Generalisation of integers for infinite length?

Question

As most people know, an integer can only be finite length when expressed in the form of a series of digits in some base. However, real numbers in general can be infinite length, so long as there is a "first digit".

That is, if we express an "infinite integer" in the form $$ \sum_{n=0}^\infty a_n 10^n $$ where $a_n\in\mathbb{Z}_{10}$, then addition and multiplication should both be well-defined on this sequence. Indeed, I suspect that such a system may actually form a field, as additive and multiplicative inverses should exist (consider that $\bar{9}+1=0$ where $\bar{9}$ is the number for which $a_n=9$ for all $n$, and $\overline{285714}3\times7=1$, where $\overline{285714}3$ has $a_0=3$ and then $a_{6n+1}=4$, $a_{6n+2}=1$, and so on).

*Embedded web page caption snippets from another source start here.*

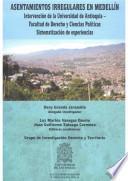 Asentamientos irregulares en Medellín : Intervención de la Universidad de Antioquia - Facultad de Derecho y Ciencias Políticas. Sistematización de experiencias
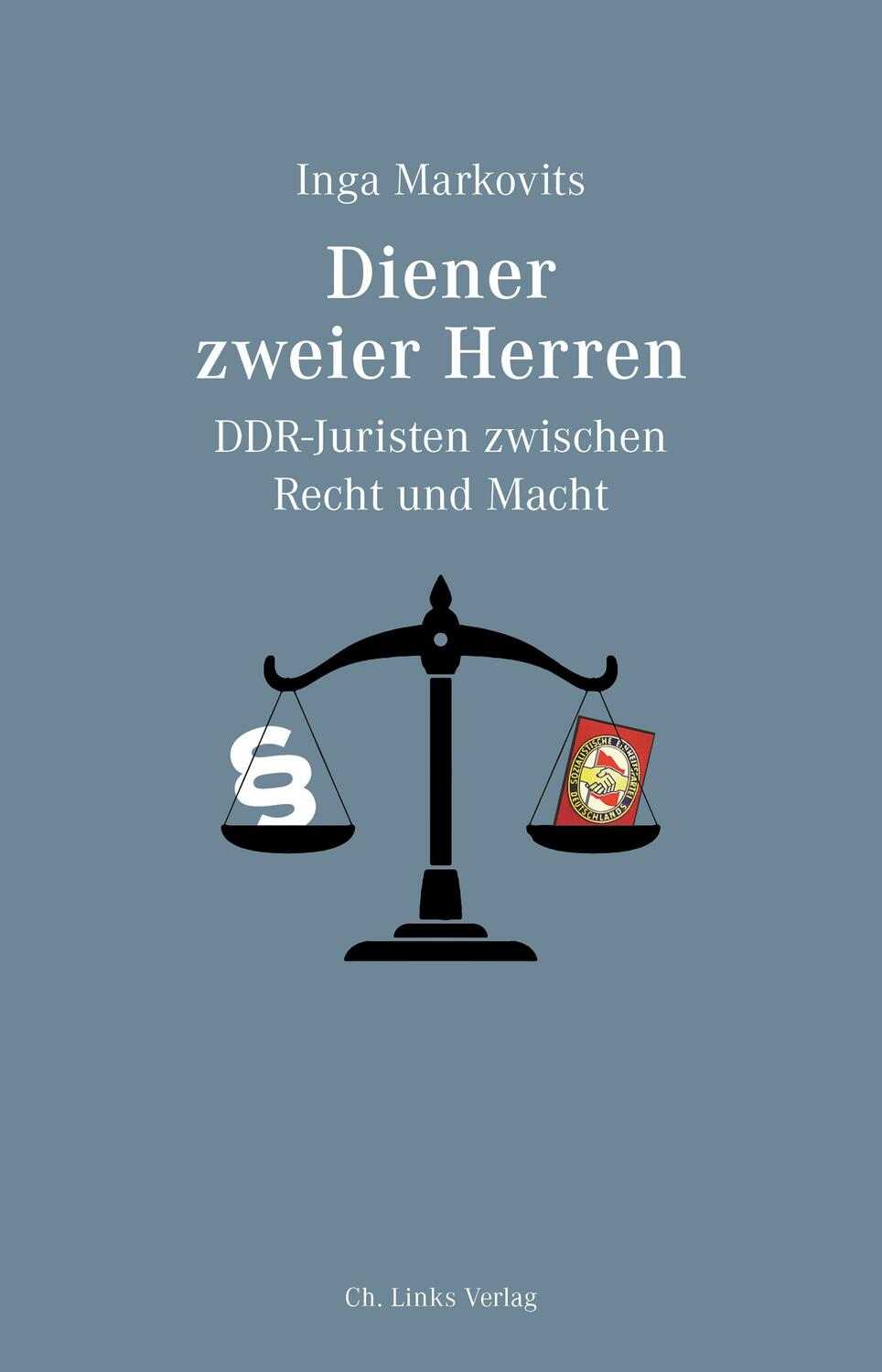 Cover: 9783962890858 | Diener zweier Herren | DDR-Juristen zwischen Recht und Macht | Buch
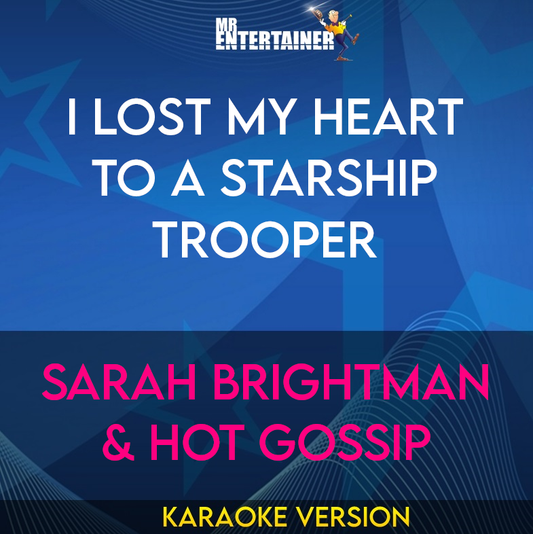 I Lost My Heart To A Starship Trooper - Sarah Brightman & Hot Gossip (Karaoke Version) from Mr Entertainer Karaoke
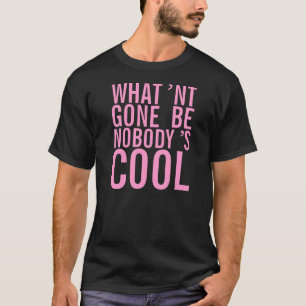 T-shirt What'nt allé soit personne frais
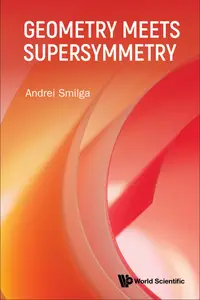 Geometry Meets Supersymmetry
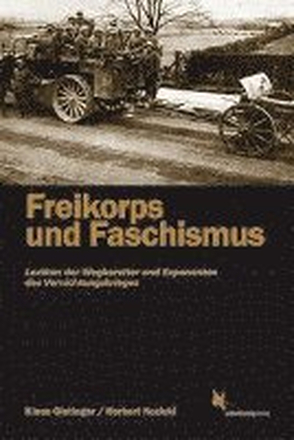 Freikorps und Faschismus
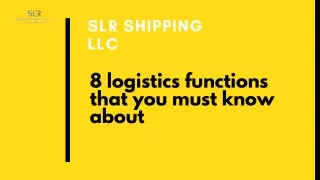 Top 8 logistics functions for a smooth flow of goods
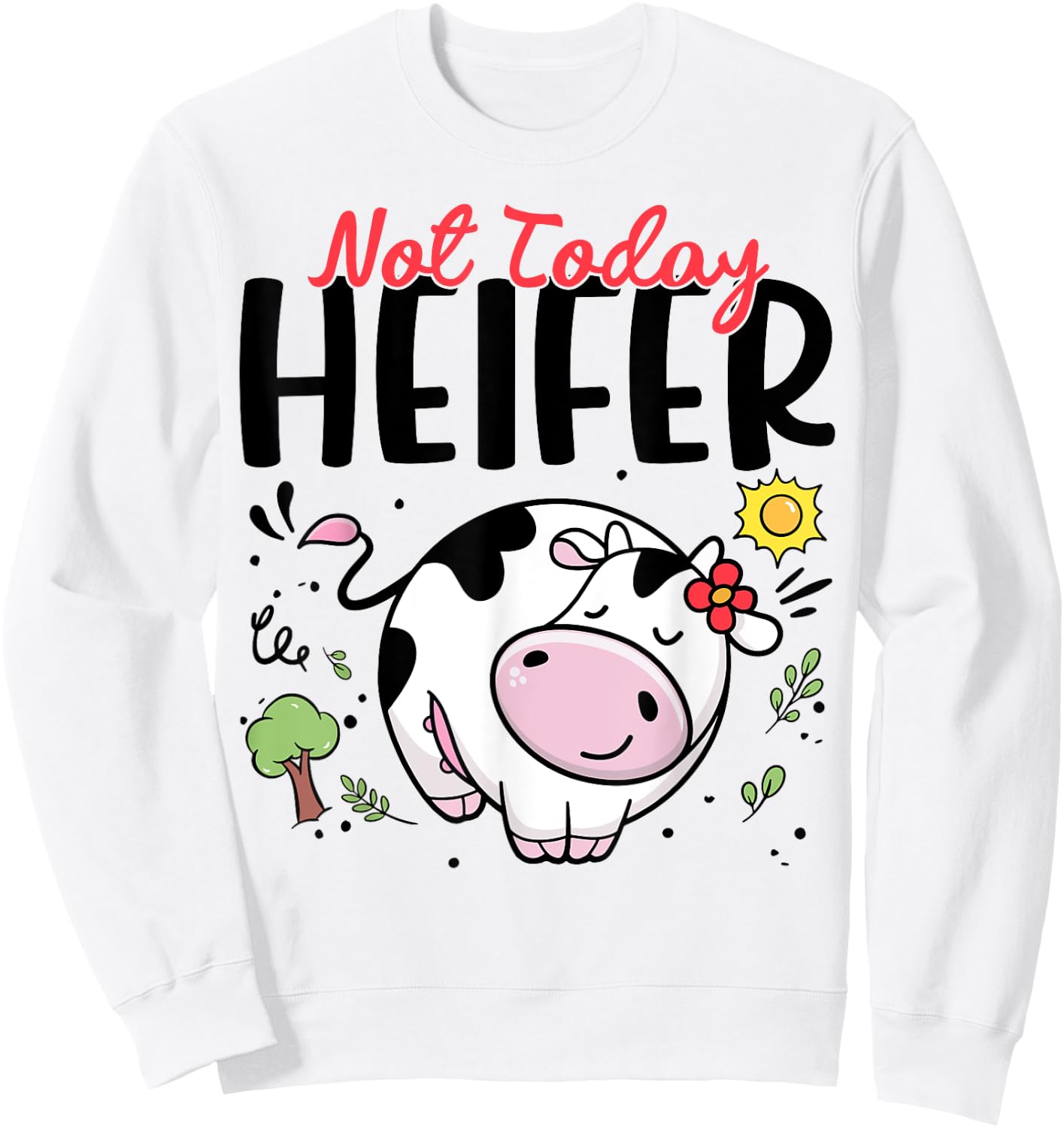 Cute Cow-Shirt Not Today Heifer Women Girl Toddler Outfit Sweatshirt - Sweatshirt | White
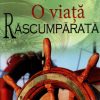O viata rascumparata - povestea vietii lui Ludlow Walker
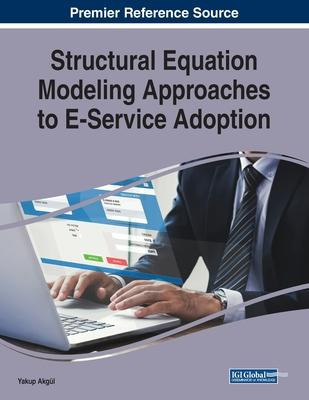 Structural Equation Modeling Approaches To E-service Adop...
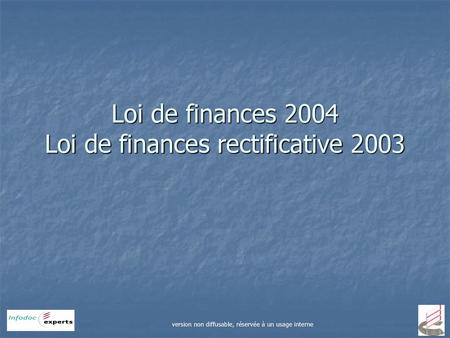 Loi de finances 2004 Loi de finances rectificative 2003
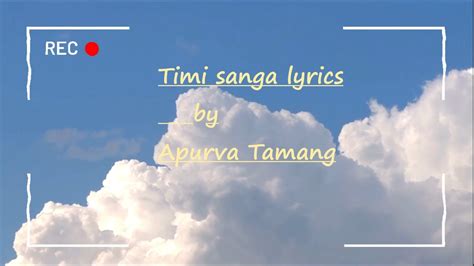 Timi Sangai Lyrics By Apurva Tamang Mv Youtube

Has such a set with addition and multiplication been investigated? Does it have a name? Does it actually form a field, or does it fail one of the required properties of a field? Is the system functionally the same irrespective of chosen base, or do different bases change some properties of the system?

Answer 1

You've rediscovered the $10$-adic integers. Such "infinite decimal expansions of integers" form a ring using the usual rules for adding and multiplying decimals. However, they do not form a field. A quick and easy way to see this is that $10$ has no inverse (since if you multiply $10$ by anything, then the last digit of the product will be $0$).

Even worse, however, this ring has zero divisors: there are nonzero elements $x$ and $y$ such that $xy=0$. These take a bit of work to construct, but here's the idea. We'll construct the digits of $x$ and $y$ one at a time, starting from the end. Start by saying the last digit of $x$ is $2$ and the last digit of $y$ is $5$, so the last digit of $xy$ is $0$. Then choose the preceding digit of $x$ so that $x$ is divisible by $4$, and the the preceding digit of $y$ so that $y$ is divisible by $25$, so their product will be divisible by $100$ and end in two zeroes (for instance, $x$ might end in $12$ and $y$ might end in $25$). Continue choosing digits of $x$ and $y$ one at a time so that $x$ is divisible by every power of $2$ and $y$ is divisible by every power of $5$. Every digit of the product $xy$ will end up being $0$.

You can, of course, do the same thing with a different base instead of $10$, giving you the $b$-adic integers for any integer $b>1$. Unlike the case of finite base expansions, however, you get a genuinely different number system for different values of $b$! (To be precise, it turns out that the number system you get depends only on the set of prime factors of $b$, so for instance the $10$-adic integers are isomorphic to the $50$-adic integers.)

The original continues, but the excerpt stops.